Une station unique en son genre
Sur le terrain, à la station d’épuration de Conte à Mont-de-Marsan, cinq conteneurs ont pris place depuis mars 2026. Ils abritent neuf technologies de traitement des micropolluants, testées seules ou combinées. L’unité pilote, installée avec l’opérateur OTV Veolia, traite deux mètres cubes d’eau par heure, prélevés après le traitement classique de la station. Objectif : mesurer l’efficacité de chaque procédé, sa consommation d’énergie et de réactifs, et déterminer les meilleures combinaisons.
Trois familles de technologies
Concrètement, les technologies testées relèvent de trois grandes familles : l’adsorption sur charbon actif, l’oxydation avancée et la filtration membranaire. « Une technique peut être complémentaire d’une autre et être utilisée pour diminuer les rejets de l’autre », m’explique Philippe Sauvignet, directeur technique d’OTV. L’idée n’est pas seulement d’éliminer les molécules indésirables, mais aussi de réduire les déchets secondaires et de baisser les coûts énergétiques. Chaque procédé est calibré par une équipe de trois personnes présente en permanence.
Pourquoi ce projet est innovant
Au-delà des discours sur la transition écologique, ce projet landais marque une rupture. Alors que la plupart des expérimentations en France se limitent à une seule technologie, celle-ci en réunit neuf sur un même site, ce qui constitue une première nationale. Le coût total s’élève à 1,8 million d’euros, financé à 50 % par l’Agence de l’eau Adour-Garonne, et soutenu par la Région Nouvelle-Aquitaine, l’Université de Pau et des Pays de l’Adour, le centre technique de l’eau de Limoges et l’Office international de l’eau.
De l’expérimentation à la réglementation
Il faut le dire : les micropolluants – résidus de médicaments, cosmétiques, pesticides, PFAS et autres molécules émergentes – passent aujourd’hui entre les mailles du filet des stations d’épuration classiques.

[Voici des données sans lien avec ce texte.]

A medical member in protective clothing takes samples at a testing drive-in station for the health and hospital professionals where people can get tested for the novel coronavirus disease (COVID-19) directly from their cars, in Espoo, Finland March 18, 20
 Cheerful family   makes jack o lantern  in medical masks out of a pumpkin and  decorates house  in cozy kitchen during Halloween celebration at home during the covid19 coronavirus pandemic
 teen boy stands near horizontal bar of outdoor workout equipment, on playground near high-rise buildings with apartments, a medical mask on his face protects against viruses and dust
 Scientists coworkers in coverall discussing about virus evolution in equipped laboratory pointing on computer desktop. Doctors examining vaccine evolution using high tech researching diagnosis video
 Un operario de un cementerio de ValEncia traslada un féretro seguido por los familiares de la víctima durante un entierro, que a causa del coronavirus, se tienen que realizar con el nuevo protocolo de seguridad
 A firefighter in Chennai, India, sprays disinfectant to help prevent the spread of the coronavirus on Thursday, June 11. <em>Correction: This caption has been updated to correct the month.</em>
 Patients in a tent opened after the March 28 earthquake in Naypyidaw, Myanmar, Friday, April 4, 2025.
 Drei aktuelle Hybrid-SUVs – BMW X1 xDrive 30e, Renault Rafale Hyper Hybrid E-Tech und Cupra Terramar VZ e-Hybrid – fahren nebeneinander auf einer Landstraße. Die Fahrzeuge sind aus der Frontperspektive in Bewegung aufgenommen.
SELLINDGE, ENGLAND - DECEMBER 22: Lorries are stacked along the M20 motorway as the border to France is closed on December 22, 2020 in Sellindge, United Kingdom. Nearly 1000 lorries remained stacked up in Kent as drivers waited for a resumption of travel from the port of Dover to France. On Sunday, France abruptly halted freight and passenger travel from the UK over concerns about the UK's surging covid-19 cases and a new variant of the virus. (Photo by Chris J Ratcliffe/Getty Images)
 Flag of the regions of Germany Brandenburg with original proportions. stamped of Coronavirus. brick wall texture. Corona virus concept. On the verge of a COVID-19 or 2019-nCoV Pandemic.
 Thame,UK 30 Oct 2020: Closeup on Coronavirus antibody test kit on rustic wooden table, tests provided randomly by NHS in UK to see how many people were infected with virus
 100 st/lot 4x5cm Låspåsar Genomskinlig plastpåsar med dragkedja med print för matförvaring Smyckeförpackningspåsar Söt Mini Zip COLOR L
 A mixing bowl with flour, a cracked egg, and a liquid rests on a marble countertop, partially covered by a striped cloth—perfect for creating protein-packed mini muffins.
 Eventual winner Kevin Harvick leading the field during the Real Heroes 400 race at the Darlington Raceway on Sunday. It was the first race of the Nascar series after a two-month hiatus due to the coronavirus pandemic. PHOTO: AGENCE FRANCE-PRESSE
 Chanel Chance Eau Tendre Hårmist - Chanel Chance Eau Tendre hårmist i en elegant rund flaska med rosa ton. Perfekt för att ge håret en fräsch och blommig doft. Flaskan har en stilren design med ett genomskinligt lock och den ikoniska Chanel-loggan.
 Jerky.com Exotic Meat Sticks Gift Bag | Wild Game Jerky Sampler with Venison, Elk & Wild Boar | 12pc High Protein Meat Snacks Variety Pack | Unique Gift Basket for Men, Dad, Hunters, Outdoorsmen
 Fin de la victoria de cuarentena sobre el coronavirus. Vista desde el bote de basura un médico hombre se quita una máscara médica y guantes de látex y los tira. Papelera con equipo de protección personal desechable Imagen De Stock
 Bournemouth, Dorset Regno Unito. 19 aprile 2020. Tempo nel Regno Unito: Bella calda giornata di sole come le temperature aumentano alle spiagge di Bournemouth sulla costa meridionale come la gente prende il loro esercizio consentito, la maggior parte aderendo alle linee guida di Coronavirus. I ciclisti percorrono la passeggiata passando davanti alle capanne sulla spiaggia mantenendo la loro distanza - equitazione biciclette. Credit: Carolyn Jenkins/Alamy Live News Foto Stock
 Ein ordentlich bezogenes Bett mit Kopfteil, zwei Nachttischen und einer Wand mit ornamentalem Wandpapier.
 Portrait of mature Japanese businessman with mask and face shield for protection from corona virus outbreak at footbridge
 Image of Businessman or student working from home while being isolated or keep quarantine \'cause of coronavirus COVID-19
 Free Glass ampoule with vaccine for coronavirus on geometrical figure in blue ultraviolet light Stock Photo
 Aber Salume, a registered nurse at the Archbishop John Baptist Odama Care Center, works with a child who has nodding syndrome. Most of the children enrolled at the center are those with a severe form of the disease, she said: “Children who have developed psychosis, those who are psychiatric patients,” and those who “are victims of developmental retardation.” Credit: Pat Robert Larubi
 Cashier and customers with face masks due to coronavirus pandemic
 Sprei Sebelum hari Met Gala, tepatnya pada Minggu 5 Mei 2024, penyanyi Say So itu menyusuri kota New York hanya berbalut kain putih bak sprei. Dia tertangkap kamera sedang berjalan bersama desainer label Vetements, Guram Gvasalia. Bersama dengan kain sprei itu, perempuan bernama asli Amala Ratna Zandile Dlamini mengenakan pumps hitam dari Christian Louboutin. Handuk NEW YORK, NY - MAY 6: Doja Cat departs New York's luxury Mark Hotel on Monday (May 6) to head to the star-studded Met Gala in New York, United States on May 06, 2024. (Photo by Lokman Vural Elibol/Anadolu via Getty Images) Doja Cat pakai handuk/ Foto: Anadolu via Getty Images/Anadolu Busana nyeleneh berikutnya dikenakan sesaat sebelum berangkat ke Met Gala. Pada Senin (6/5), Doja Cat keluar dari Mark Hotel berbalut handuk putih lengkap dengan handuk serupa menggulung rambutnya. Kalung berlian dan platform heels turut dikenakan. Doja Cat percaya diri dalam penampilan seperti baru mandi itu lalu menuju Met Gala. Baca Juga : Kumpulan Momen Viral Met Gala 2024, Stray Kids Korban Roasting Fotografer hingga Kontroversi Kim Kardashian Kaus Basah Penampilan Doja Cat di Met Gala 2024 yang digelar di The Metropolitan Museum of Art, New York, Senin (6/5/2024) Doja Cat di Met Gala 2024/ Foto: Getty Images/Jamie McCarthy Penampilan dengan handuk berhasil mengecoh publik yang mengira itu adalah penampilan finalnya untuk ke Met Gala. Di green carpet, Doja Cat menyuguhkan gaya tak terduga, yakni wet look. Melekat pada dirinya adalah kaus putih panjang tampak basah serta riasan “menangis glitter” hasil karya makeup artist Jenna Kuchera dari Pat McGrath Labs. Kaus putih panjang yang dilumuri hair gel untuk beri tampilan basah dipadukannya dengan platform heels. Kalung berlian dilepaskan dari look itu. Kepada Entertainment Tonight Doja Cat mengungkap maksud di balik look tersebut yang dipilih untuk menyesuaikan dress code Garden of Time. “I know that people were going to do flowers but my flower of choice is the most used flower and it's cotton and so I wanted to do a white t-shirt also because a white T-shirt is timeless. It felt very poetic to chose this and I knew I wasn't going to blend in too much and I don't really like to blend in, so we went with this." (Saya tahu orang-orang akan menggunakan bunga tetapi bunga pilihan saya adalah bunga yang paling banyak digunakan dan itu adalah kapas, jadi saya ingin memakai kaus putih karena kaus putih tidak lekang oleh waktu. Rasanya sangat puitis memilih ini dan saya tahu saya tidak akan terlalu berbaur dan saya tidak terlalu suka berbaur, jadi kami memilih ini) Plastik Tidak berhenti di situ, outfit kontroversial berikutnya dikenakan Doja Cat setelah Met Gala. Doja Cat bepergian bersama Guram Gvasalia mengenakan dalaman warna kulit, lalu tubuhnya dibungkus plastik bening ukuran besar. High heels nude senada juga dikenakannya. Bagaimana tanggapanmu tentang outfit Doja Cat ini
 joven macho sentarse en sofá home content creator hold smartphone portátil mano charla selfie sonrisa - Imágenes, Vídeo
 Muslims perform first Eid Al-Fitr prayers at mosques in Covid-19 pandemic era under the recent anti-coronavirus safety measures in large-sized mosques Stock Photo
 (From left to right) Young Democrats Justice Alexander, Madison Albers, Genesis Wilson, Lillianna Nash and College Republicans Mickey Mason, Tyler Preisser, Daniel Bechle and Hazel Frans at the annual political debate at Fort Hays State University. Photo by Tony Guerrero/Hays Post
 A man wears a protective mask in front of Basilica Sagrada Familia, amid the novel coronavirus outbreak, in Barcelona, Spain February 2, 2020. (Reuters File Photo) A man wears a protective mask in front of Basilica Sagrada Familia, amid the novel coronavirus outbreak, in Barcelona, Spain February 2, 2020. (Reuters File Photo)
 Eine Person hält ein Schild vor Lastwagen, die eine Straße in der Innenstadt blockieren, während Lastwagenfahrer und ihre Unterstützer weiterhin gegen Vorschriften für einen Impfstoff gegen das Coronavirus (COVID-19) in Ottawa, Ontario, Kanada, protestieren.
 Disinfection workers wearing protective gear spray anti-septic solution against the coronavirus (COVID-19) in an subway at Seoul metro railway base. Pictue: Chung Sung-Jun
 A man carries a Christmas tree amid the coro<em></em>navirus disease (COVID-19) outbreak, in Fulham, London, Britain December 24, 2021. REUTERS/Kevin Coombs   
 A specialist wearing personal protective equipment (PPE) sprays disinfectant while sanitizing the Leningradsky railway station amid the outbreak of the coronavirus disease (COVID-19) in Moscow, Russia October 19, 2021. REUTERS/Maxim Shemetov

La France n’impose pas encore leur élimination, mais l’Europe a fixé un cadre : d’ici 2045, les collectivités devront traiter ces substances. Dans les Landes, on a pris les devants. Patricia Beaumont, conseillère départementale chargée de la transition énergétique, me rappelle l’historique : « En 2021, nous avons fait de la préservation de l’eau un enjeu majeur. Après une étude de faisabilité en 2022 et un voyage en Suisse en 2023, nous passons maintenant à l’action. »
Vers une réutilisation de l’eau
Les relevés quotidiens sur les données de consommation sont complétés par des échantillonnages hebdomadaires, une à trois fois par semaine, sur les effluents juste avant leur rejet dans le milieu naturel. Objectif final : produire des données exploitables pour d’autres stations, et ouvrir la voie à une réutilisation des eaux usées traitées – pour l’irrigation agricole, mais aussi pour des usages industriels. Comme le résume Philippe Sauvignet : « Obtenir à la sortie une haute qualité de l’eau permettrait de prélever moins de ressource dans le milieu naturel. » Une perspective que ce projet pilote pourrait concrétiser d’ici quelques années.